Dáil debates
Thursday, 10 December 2015
International Protection Bill 2015: Second Stage (Resumed)
2:05 pm
Fergus O'Dowd (Louth, Fine Gael) | Oireachtas source
I, too, welcome the Bill and I welcome the Minister. I have listened to many of the speeches. While I found a number of the speeches enlightening and interesting, I am seriously concerned about some of the statements, particularly from the absent members of the Opposition. The primary purpose of the Bill is to introduce a single procedure for the processing of applications for international protection, which is the term used to describe the protection granted by a state to a refugee or person eligible for subsidiary protection. It is a significant issue in my constituency, in the Louth and Meath area, where a number of people seeking protection are living in Mosney, or have left Mosney and are residing in the community, and still have significant issues regarding stamp 4 visas and family members.
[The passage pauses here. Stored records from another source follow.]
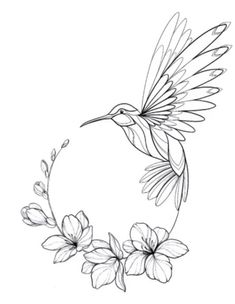 a hummingbird flying through the air with flowers in it's beak and wings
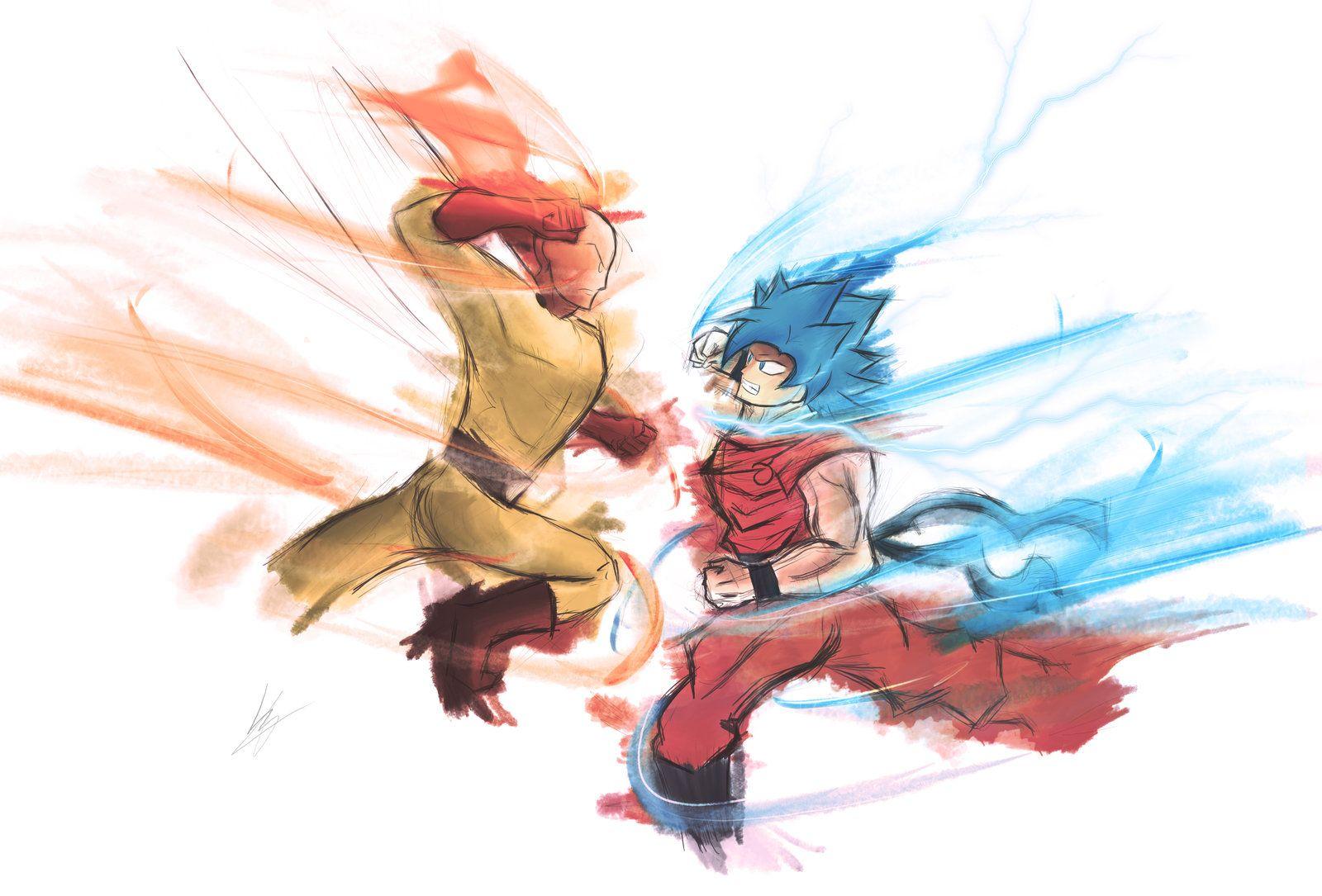 Saitama vs Goku / 4k / One Punch Man / DBZ Super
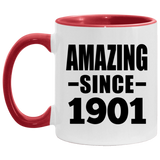 123rd Birthday Amazing Since 1901 - 11oz Accent Mug Red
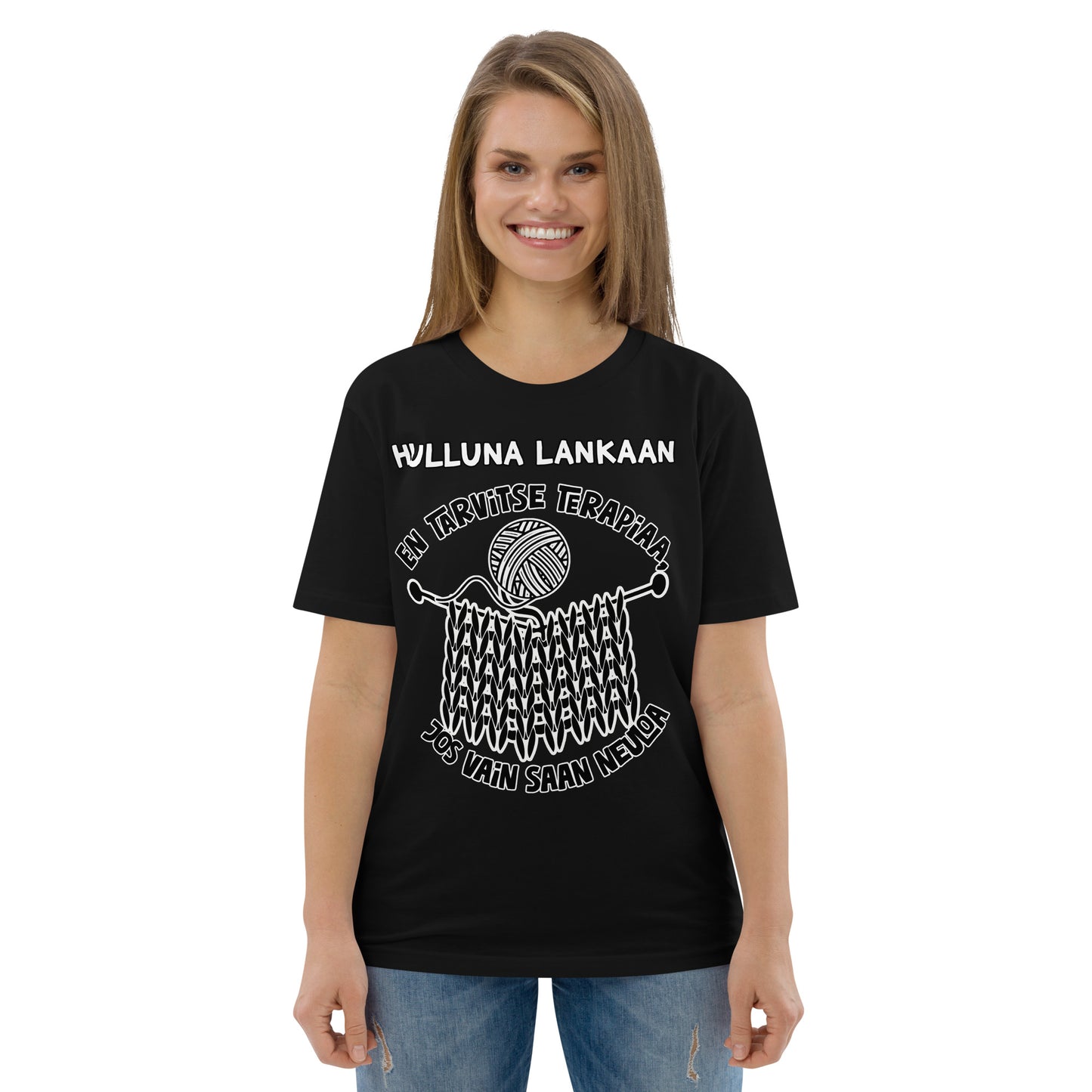 Unisex luomupuuvilla t-paita: en tarvitse terapiaa, jos vain saan neuloa + oma teksti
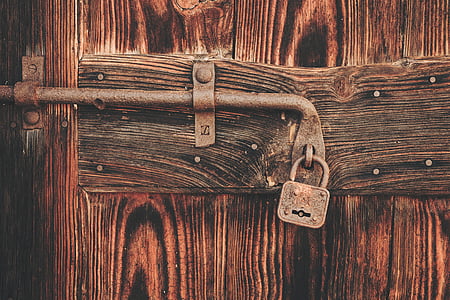serratura, porta, catena, legno, arrugginito, legno - materiale, Close-up
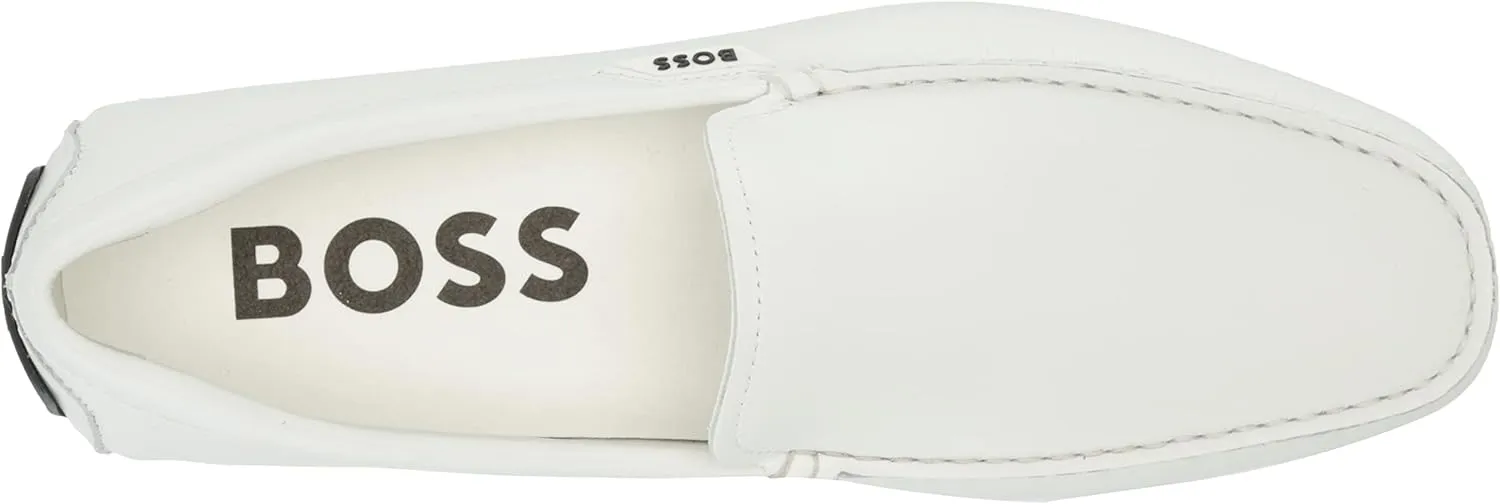 BOSS Men's Smooth Leather Moccasins with Rubber Outer Sole Loafer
I acknowledge the excellent work the INIS does. Whenever we raise issues regarding people seeking a different status or to have their status recognised, there is a very efficient and professional response. The introduction of a single procedure will address current delays in the protection application system. There are very significant delays and there have been significant increases in the number of people seeking refugee status. Applications for refugee status increased by 53% in 2014, and in February 2015 the number of applications was 138% ahead of the same period in 2014. There is a significant international crisis due to geopolitical events, and many Members have spoken about them. When there is military intervention, from whatever side, in countries such as Iraq, Afghanistan and Libya, it leads to major destabilisation of the lives of ordinary people. Millions of people are refugees as a result of it. I support the view that we should do whatever can be done to support countries that are adjacent to those countries and offer protection to the refugees. I welcome that the EU, the US, Russia and other countries recognise the need to create stability in the locations nearest to the home countries of the refugees in order that when political stability is restored, they are in a position to return. There is an urgent need to do this. There is no point in replacing one evil dictator with another one, as has been done, regrettably, and allowing more of the same.
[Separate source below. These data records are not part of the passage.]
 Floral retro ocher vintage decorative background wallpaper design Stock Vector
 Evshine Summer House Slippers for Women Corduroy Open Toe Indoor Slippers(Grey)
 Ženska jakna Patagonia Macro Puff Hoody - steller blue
I agree with the parallels that have been drawn between refugees from Ireland in the 18th and 19th centuries and the refugees who are here now. The millions of Irish people who left our shores in the 18th and 19th centuries went due to extreme poverty at home because they had no education or future and because the only place of hope and opportunity was America. Roman Catholics were a minority in America when they went there first. The Irish people had a different religion, spoke a different language, did not have education and skills and were looked down on and discriminated against for a significant number of years. Only after the American Civil War and the sacrifices Irish people made during it were Irish people fully integrated into American society. Despite this, we have made significant progress in America.
We need to ensure there is continuing progress by refugees who live in our society, who have the right to remain here and whose children are as Irish as anybody else's children. We need to integrate people from the immigrant community into public life. Whoever the next Taoiseach is, I suggest he or she consider appointing somebody from the immigrant community to the Seanad to give them a clear voice in our Parliament to speak with clarity, knowledge and authority about the issues immigrants face as they fully integrate into our society. We often have a difficulty finding a clear voice for immigrants. No doubt immigrant candidates will stand for election. If they are not elected to the Oireachtas, we should ensure and insist they are represented here in order that their views can be taken into account by the Members of the next Dáil.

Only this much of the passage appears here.